Arrowwood, Audubon, Des Lacs, J. Clark Salyer, Lake Alice, Lake Zahl, Long Lake, Lostwood, Tewaukon (pheasants only), and Upper Souris NWRs open Nov. 24.
However, portions of each refuge are closed to hunting. Hunters should contact refuge headquarters for map leaflets designating closed areas and other restrictions: Arrowwood 701-285-3341; Audubon 701-442-5474; Des Lacs 701-385-4046; J. Clark Salyer 701-768-2548; Lake Alice 701-662-8611; Lake Zahl 701-965-6488; Long Lake 701-387-4397; Lostwood 701-848-2722; Tewaukon 701-724-3598; and Upper Souris701-468-5467.
National wildlife refuges are managed by the U.S. Fish and Wildlife Service. Hunters are reminded that use of nontoxic shot is required on all USFWS lands. State regulations found in the North Dakota 2014-15 Small Game Guide apply. Seasons for pheasant, sharp-tailed grouse, Hungarian partridge and ruffed grouse close statewide on Jan. 4, 2015.
Organizers planning fishing tournaments, including ice fishing contests this winter, are reminded to submit an application along with fishing tournament regulations to the North Dakota Game and Fish Department at least 30 days prior to the start of the event.
The 30-day advance notice allows for review by agency staff to ensure the proposed tournament will not have negative consequences or conflicts with other proposed tournaments for the same location and/or time.
Tournaments may not occur without first obtaining a valid permit from the department.
In addition, the number of open-water tournaments on lakes Sakakawea and Oahe, the Missouri River and Devils Lake are capped each year, depending on the time of the year and location. Sponsors for tournaments on these water bodies must submit their application to the department prior to Jan. 1 to ensure full consideration.
Fisheries crews have completed their annual salmon spawning operation on the Missouri River System after collecting roughly 1.3 million eggs.
Dave Fryda, North Dakota Game and Fish Department Missouri River System supervisor, said about two thirds of the eggs came from Lake Sakakawea and the remainder from the Missouri River below Garrison Dam.
The average size of Lake Sakakawea females was 8.5 pounds, almost 3 pounds larger than 2013 and among the highest weights documented since the inception of the salmon program. The Missouri River females, which are typically larger than the lake fish, averaged 10.4 pounds.
“The 2014 salmon spawning run was successful in obtaining enough eggs to meet next year’s stocking goals.” Fryda said. “However, contrary to recent years, we might not be able to provide excess eggs to Montana and South Dakota to meet their egg goals.”
Fryda said the number of salmon in the 2014 spawning run was greatly reduced throughout the Missouri River reservoirs due to the lingering effects of the 2011 flood. “Salmon stocked during the 2011 flood would have been a major component of this year’s spawning run,” he said. “Unfortunately, large numbers of juvenile and adult salmon were entrained through the dams during the record flows of 2011.”

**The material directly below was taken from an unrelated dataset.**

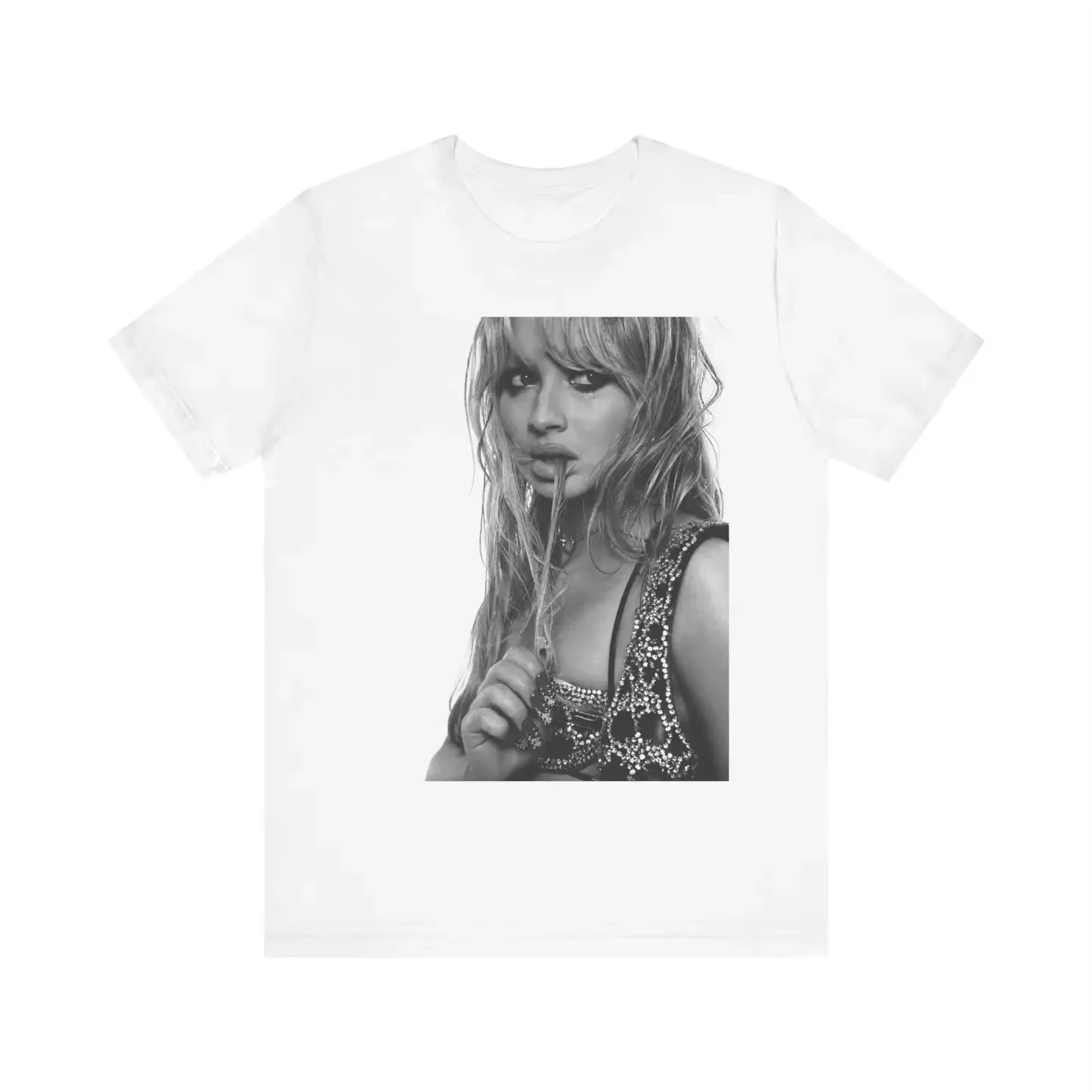 Sabrina Carpenter Katoenen Pakaian Tren Pola Cetak Musim Panas Merek Mewah Katun Pria dan Wanita T-shirt Lengan Pendek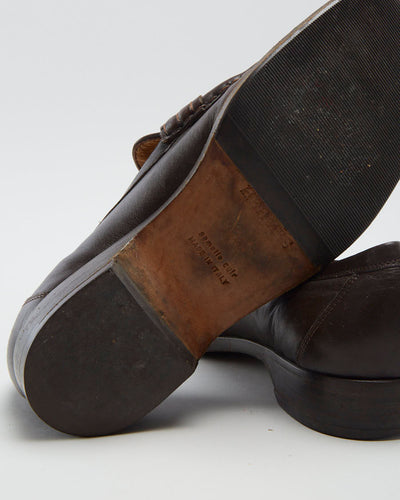 Vintage 90s Hermes Brown Leather Loafers - Womens UK 3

Plans for 2015 are to stock Lake Sakakawea with 400,000 salmon, with none scheduled for the river below Garrison Dam, Fryda said.
Chinook salmon begin their spawning run in October. Since salmon cannot naturally reproduce in North Dakota, Game and Fish Department and Garrison Dam National Fish Hatchery personnel collect eggs and transport them to the hatchery.
Once the eggs hatch, young salmon spend several months in the hatchery before being stocked in Lake Sakakawea.